The script works well, and it populates GWT but clearly something is going awry in that GWT now thinks https is a keyword.

rainborick

4:12 pm on Aug 25, 2016 (gmt 0)

WebmasterWorld Senior Member 10+ Year Member Top Contributors Of The Month



I suspect Google has indexed your sitemap file. Block it in robots.txt and I bet you see those keywords disappear in a couple of weeks.

keyplyr

7:20 pm on Aug 25, 2016 (gmt 0)

WebmasterWorld Senior Member 10+ Year Member Top Contributors Of The Month



It would be illadvised to "block" sitemap in robots.txt.

Andy Langton

7:23 pm on Aug 25, 2016 (gmt 0)

WebmasterWorld Senior Member 10+ Year Member Top Contributors Of The Month



You can noindex it via HTTP headers ;)

rainborick

11:41 pm on Aug 25, 2016 (gmt 0)

WebmasterWorld Senior Member 10+ Year Member Top Contributors Of The Month



Yeah, Andy's idea about using the noindex HTTP header is much better.

Frank_Rizzo

9:52 am on Aug 26, 2016 (gmt 0)

WebmasterWorld Senior Member 10+ Year Member



OK I have added this

<Files ~ "sitemap.*\.xml(\.gz)?$">
Header append X-Robots-Tag "noindex"
</Files>

and will see what happens.

Andy Langton

10:23 am on Aug 26, 2016 (gmt 0)

WebmasterWorld Senior Member 10+ Year Member Top Contributors Of The Month



Just to note a curiosity when specifically querying Google for gz files:

[google.co.uk...]

Google does seem to index sitemap GZ files, nonetheless:
[google.co.uk...]

trabis

4:25 pm on Aug 27, 2016 (gmt 0)

10+ Year Member Top Contributors Of The Month



I have a similar problem with keywords like "mail", "google", "yahoo", "reddit", "aol", "app" and many others that are not present on the source code. After searching about it, I was able to identify the source of such strings. They were present in an external javascript file that was being loaded by a Wordpress plugin called "AddToAny" (it is a social sharing plugin). I removed the "offending" plugin and I am now waiting to see if the keywords get dropped from the search console.

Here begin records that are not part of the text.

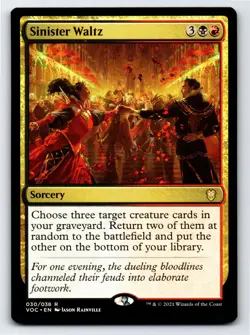 Sinister Waltz R Commander: Innistrad: Crimson Vow # 30 NM Normal - Image 1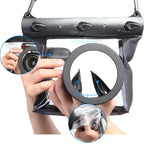 Tteoobl  20m Underwater Diving Camera Housing Case Pouch  Camera Waterproof Dry Bag, M, L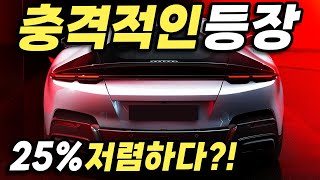 경쟁차 대비 25%나 저렴하다고?! 독일차, 국산차 박살내러 한국 온다?! 상상도 못한 '이 차'의 정체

If you search on google for "How share buttons could ruin your SEO – da Agency" you may read a complete description on this issue (if the site is not loading then look at the google cache version).

The site were this is/was happening is only 2 months old so I will not be able to associate ranking changes with the removal of this plugin.

To consider:
- When I ask google to show me the pages containing this keywords, it will show me any page containing this javascript file. Because this javascript file is used in every page, it means that every page on my site is listed has having this keywords.
- When I do a site search on google for a keyword like "reddit1234" it gives back 0 results as expected.
- When I do a site search on google for "reddit" or "aol" or any other weird keyword that I should not be ranking for, it gives back 1000 results which is about 20% of my indexed pages.

Frank_Rizzo

10:40 am on Oct 26, 2016 (gmt 0)

WebmasterWorld Senior Member 10+ Year Member



FYI: The

<Files ~ "sitemap.*\.xml(\.gz)?$">
Header append X-Robots-Tag "noindex"
</Files>


seems to have fixed it. https is no longer listed as a Content Keyword. It took a couple of months to go through but it has now gone.